THE BAJA (Harmonium) It is the most common and the most important musical instrument of the Sikhs. It has a keyboard rather like a piano, and even a child can play it. It does not cost much and can be carried easily because of its small size (approximately 2′ x 1′ x 1′). In Punjabi terminology any instrument which produces a musical note by blowing or puffing of air is called Baja.
JORRI (Tabla) Jorri literally means ‘pair’. These are two one-sided drums, one narrower than the other, made of hollowed wood and the surface made of quality skin, usually goats’. Both drums are played by hands; the narrower top is played with the fingers only while the broad top is played with different parts of the hand, the finger-tips, the lower hard part of the palm and the whole open palm. Both the harmonium and the tabla can be used for any kind of Indian music from classical to folk music.
- The Ballad Singing Stories and heroic deeds from Sikh history are sung by DHAADIS (ballad Singers) which consist of a party of three to four persons. Two of them play the DHADS as they sing alternative couplets and in duets and one of them plays the SARANGI. They all remain standing throughout their musical discourse. This type of music is still very popular with the general public although almost confined to the Gurdwara or other open gatherings celebrating a religious festival or fair.
DHAD This is a small two-sided hand drum with a thin waist. A cloth band is tied round this thin waist which helps the DHAADI to hold the DHAD firmly in one hand while he taps (plays) it hard with fingers of the other hand.

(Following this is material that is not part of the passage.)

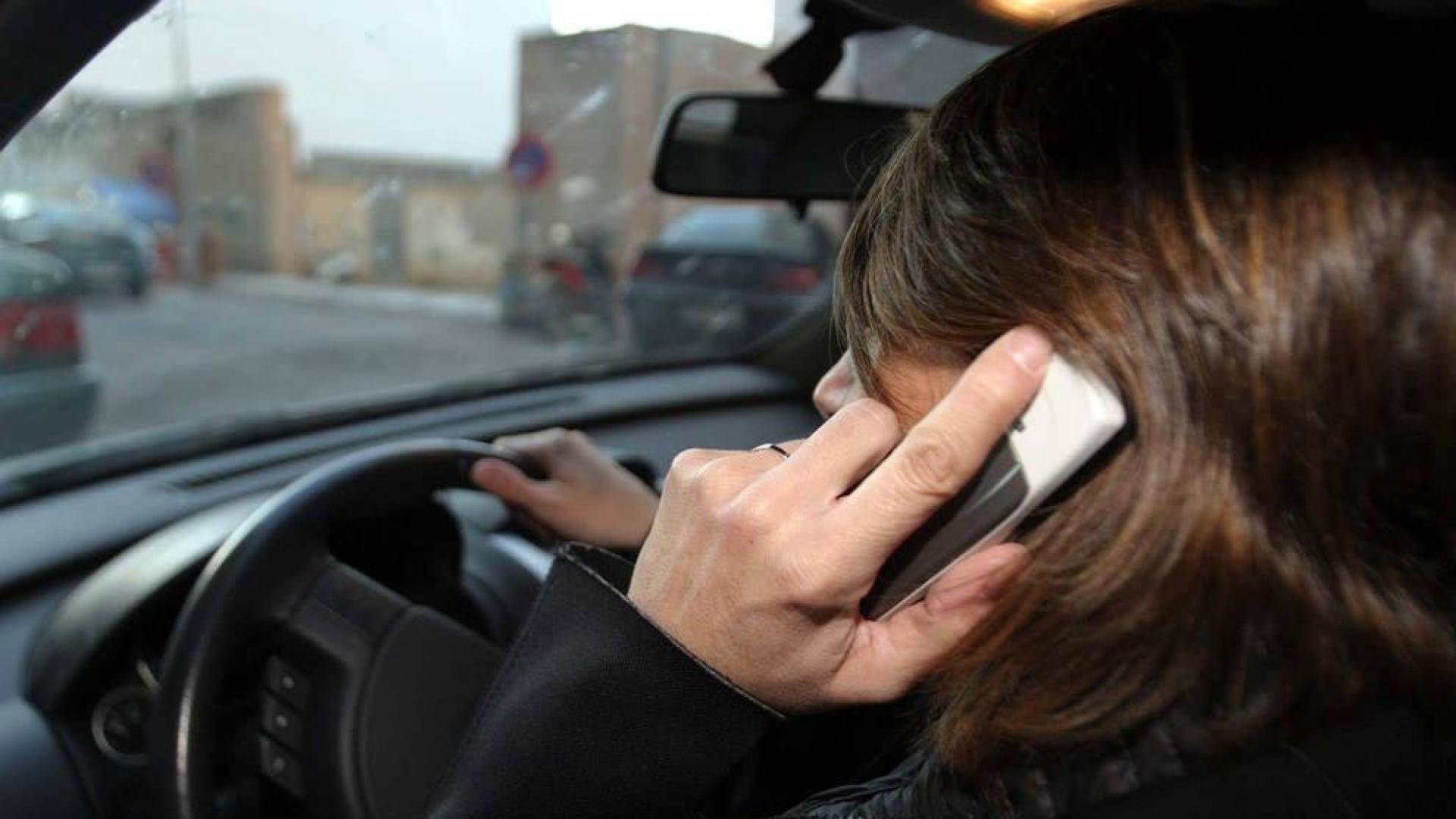 Un estudio señala que el uso del móvil al volante causa 390 muertos al año en España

SARANGI This is a stringed wooden instrument which is played with a bow. There are four main strings but beneath them there are as many as forty complimentary strings, which add to the effect and volume of the sound.
- The Folk Music Folk Music is extremely popular and the most important single source of entertainment in the Punjab- the homeland of the Sikhs. It is performed in various forms- from plain songs to vigorous dances. The most of them are BHANGRA and GIDHA.

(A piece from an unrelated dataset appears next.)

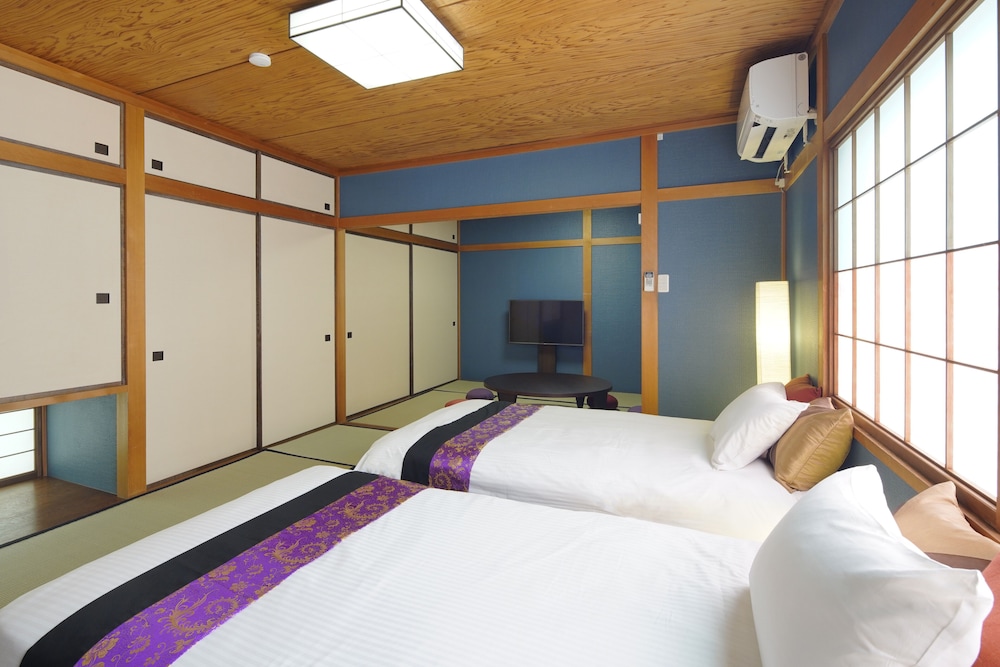 KANAZAWA STACY ANNEX 小松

BHANGRA is the most popular Punjabi dance which is known for its vigour and speed. As such a lot of energy and stamina is required to perform this dance for even a few minutes, Bhangra is a collective dance and the participants are usually men dressed in loose colourful uniform. Women can join in equally. Similarly a Bhangra party may consist of any number of persons, usually more than six, at least one of them playing the DHOLE (a large two-sided drum) which sets the tone and the speed of the dance. Sometimes Bhangra troupes also use other minor instruments as well as some folk songs during their performance.
GIDHA, like Bhangra, is also a very energetic and impressive Punjabi dance, but is almost exclusively performed by women. The musical instrument which the women use on such occasions is called the DHOLAK. Like the Dhole, it is a hollow wooden cylinder, slightly bulging out in the middle, with parchments on both sides.
IK-TARA is yet another popular Punjabi musical instrument for accompanying folklore and pop songs. IK-TARA literally means ‘one string’. It consists of a small flat dried pumpkin covered with parchment. Only one finger is used to play this instrument.